## WORK INSTRUCTIONS
The required copy runs from the first line of the material through the line containing "A Noritake tea", exactly as written and without pictures.

## DATASET CONTENT
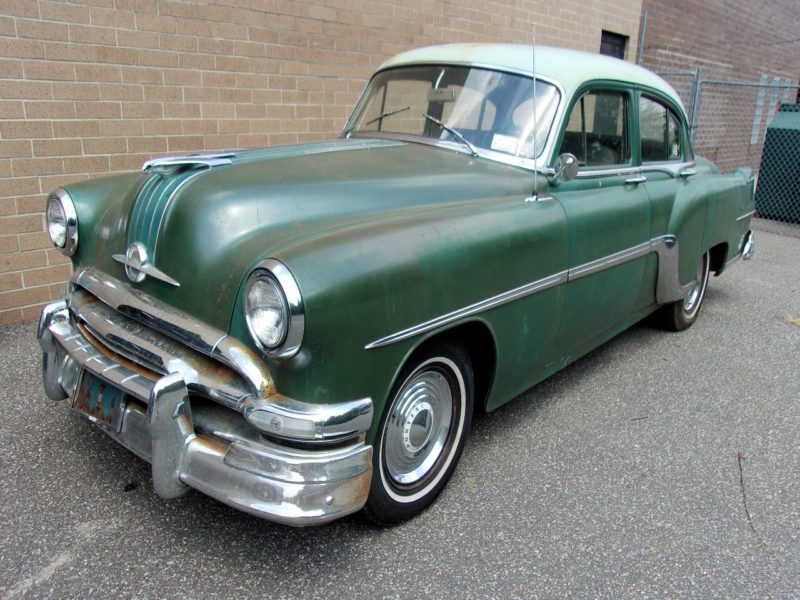Side view of old Pontiac car up for auction at Maltz Auctions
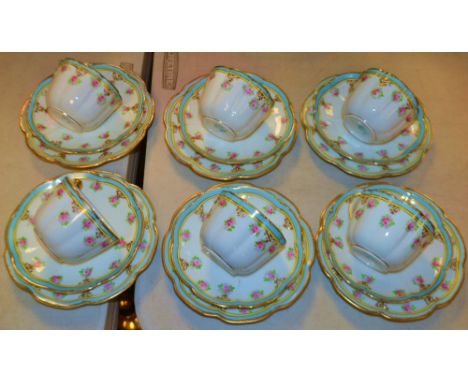 A Noritake tea service for six, decorated with pink roses, blue collar and gilt highlights, printed marks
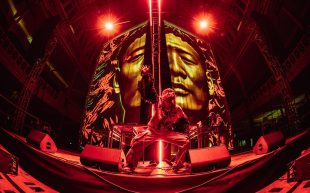 Gabber Modus Operandi performing at Royal Exhibition Building as part of Now or Never 2024. A performer is at the front of a stage wearing puffy sleeves and a face cover, with a large-scale projection of a human face behind. The stage is aglow in red light.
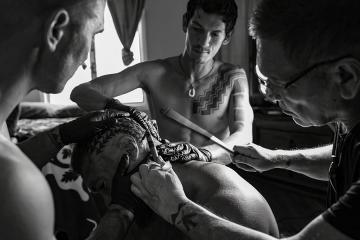 A tattoo artist applies a tattoo while two assistants stretch the skin of the recipient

## RESULT OF THIS EXERCISE
Side view of old Pontiac car up for auction at Maltz Auctions
 A Noritake tea service for six, decorated with pink roses, blue collar and gilt highlights, printed marks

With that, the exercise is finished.